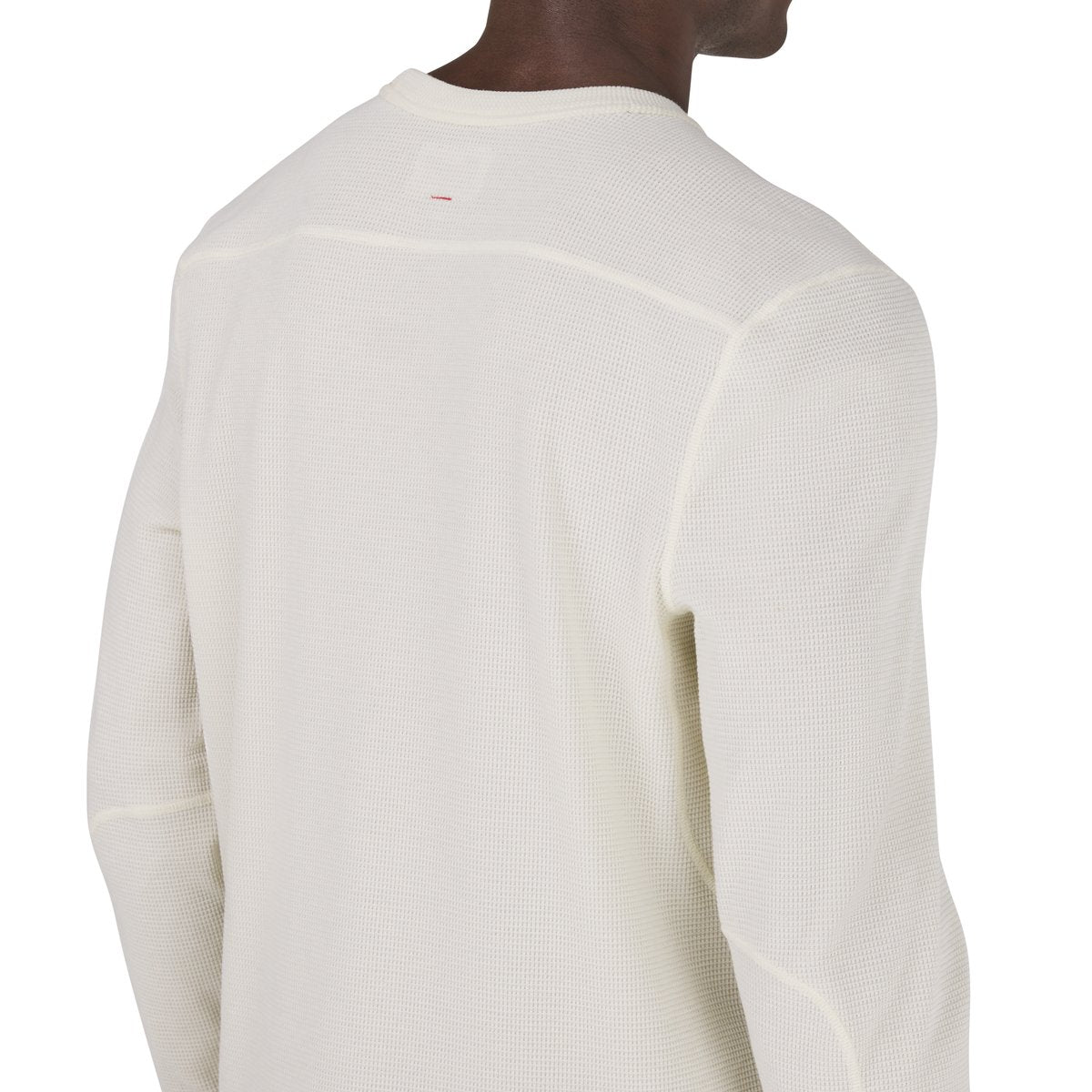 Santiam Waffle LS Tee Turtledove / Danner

────────

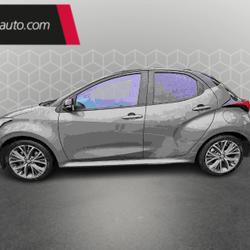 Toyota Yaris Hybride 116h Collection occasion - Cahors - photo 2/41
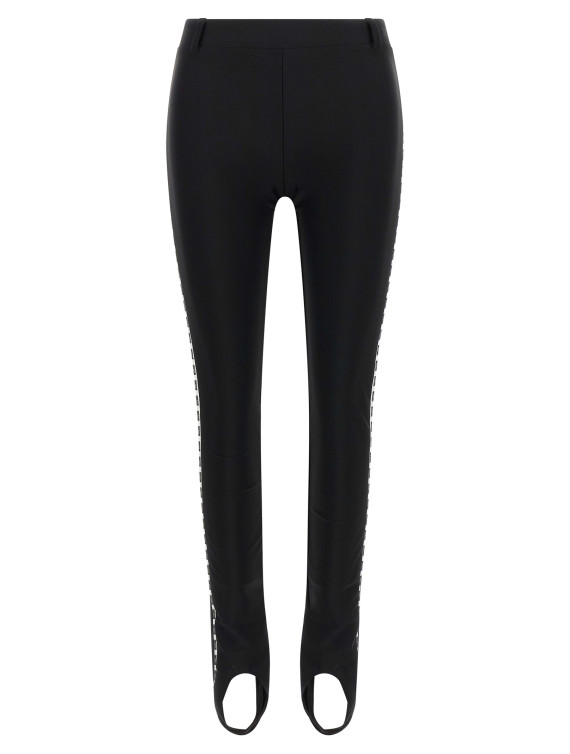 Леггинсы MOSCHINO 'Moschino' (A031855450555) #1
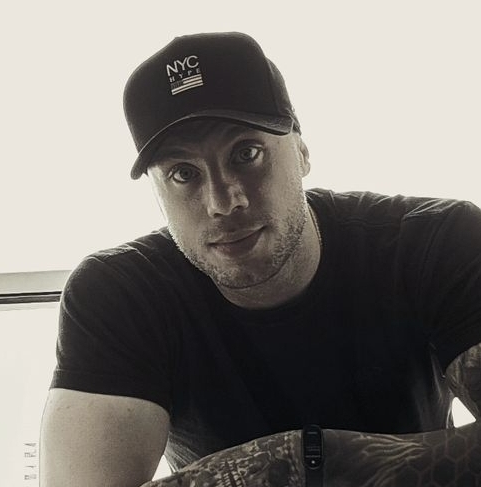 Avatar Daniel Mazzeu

────────

» EXERCISE PROMPT
Here the job is to copy the stretch of records from the line containing "Toyota Yaris Hybride" through the line containing "Avatar Daniel Mazzeu", word for word. Leave every picture out.

» RESULT FOR THIS EXERCISE
 Toyota Yaris Hybride 116h Collection occasion - Cahors - photo 2/41
 Леггинсы MOSCHINO 'Moschino' (A031855450555) #1
 Avatar Daniel Mazzeu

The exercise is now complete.